### Directions:
Some lines of these records may hold the word "Size"; state how many, using only the number.

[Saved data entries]
════════════════

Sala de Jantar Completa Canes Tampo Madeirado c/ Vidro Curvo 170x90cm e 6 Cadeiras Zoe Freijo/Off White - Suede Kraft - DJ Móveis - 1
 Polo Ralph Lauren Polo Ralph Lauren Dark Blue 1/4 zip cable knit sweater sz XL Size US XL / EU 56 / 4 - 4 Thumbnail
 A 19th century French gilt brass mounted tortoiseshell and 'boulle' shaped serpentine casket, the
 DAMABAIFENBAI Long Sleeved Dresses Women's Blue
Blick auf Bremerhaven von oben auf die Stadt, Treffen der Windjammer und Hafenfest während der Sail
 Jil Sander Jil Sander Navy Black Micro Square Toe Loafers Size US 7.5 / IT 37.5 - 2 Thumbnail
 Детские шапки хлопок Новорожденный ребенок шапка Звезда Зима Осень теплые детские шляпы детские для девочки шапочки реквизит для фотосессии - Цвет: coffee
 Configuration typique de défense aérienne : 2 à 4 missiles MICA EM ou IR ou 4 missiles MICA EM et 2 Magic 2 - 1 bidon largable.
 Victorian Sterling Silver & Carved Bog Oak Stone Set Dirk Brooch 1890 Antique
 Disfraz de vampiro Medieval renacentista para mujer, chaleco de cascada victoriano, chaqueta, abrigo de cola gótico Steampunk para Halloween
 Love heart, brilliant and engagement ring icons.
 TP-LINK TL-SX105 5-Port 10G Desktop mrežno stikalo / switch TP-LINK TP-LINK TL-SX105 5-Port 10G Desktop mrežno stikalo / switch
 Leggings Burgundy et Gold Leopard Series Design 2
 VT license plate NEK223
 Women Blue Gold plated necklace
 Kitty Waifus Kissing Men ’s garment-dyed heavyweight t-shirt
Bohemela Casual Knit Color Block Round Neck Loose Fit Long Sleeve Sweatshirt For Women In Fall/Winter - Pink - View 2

════════════════

### Reply to the exercise:
2